→ What to do
The line containing "Building Photo - 1438 S 13th St" marks the start. Return it and every later line of the listing below exactly, ending with the last one.
________________________________________
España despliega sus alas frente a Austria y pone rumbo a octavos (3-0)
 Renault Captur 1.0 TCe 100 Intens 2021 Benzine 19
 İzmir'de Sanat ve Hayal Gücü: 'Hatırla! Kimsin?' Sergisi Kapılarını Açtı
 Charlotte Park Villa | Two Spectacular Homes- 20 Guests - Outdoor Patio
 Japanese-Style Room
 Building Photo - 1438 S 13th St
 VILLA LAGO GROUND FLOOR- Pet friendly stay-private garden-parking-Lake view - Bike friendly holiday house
________________________________________
→ Solution
 Building Photo - 1438 S 13th St
 VILLA LAGO GROUND FLOOR- Pet friendly stay-private garden-parking-Lake view - Bike friendly holiday house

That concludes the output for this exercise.